The influence of ketoacids on plasma creatinine assays in diabetic ketoacidosis

Objective. Analysis of the interference of ketoacids on various routine plasma creatinine assays during a clinical episode of diabetic ketoacidosis (DI(A). Design. Observational study. Blood samples were drawn before, during and after standard in-hospital treatment. Plasma creatinine was measured with two dissimilar enzymatic assays (creatininase PAP + and creatinine iminohydrolase Serapak), a kinetic alkaline picrate method (Jaffe) and a high-performance liquid chromatography (HPLC) procedure. Acetoacetate and beta -hydroxybutyrate were analysed by enzymatic methods. Setting. Department of Medicine, University Hospital. Subjects. Nine patients who experienced 10 episodes of DKA. Main outcome measures, Agreement of the routine plasma creatinine assays with HPLC and analysis of possible interferents. Results, At presentation, the Jaffe assay gave falsely high values of plasma creatinine (median 99 mu mol L-1), in contrast to the PAP+ (median 60.5 mu mol L-1) and HPLC assays (median 67.5 mu mol L-1). This positive error decreased during treatment.
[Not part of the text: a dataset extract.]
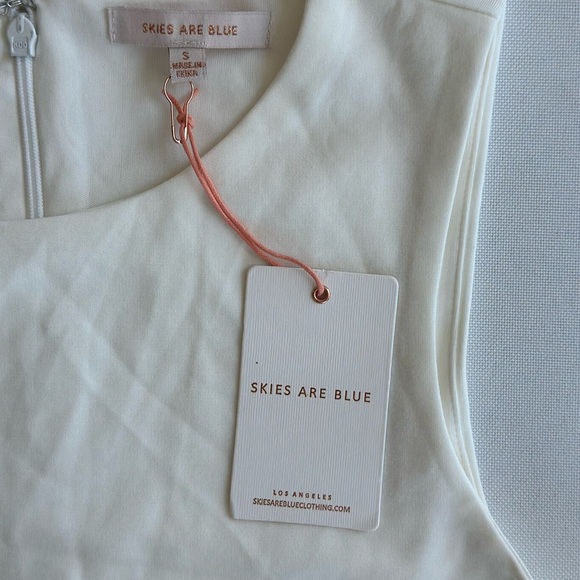 NWT Skies Are Blue Crew Neck Sleeveless Color Block Midi Dress - Picture 2 of 7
This was due to a decrease in acetoacetate, as the positive error by the Jaffe method correlated with the acetoacetate concentration (r=0.79) P < 0.0001). In the multiple regression analysis, <beta>-hydroxybutyrate caused no additional interference by the Jaffe assay, confirmed by in vitro experiments. Analysis of agreement showed that the difference between PAP+ and HPLC creatinine was -4.6 +/- 3.0 mu mol L-1 (mean +/- SD), and 2.0 +/- 5.3 mu mol L-1 between Serapak and HPLC. This was statistically significant, but clinically negligible. Conclusion, Acetoacetate caused severe interference of the alkaline picrate (Jaffe) assay, which might influence therapeutic decisions at the start of diabetic ketoacidosis. Enzymatic assays lack this interference.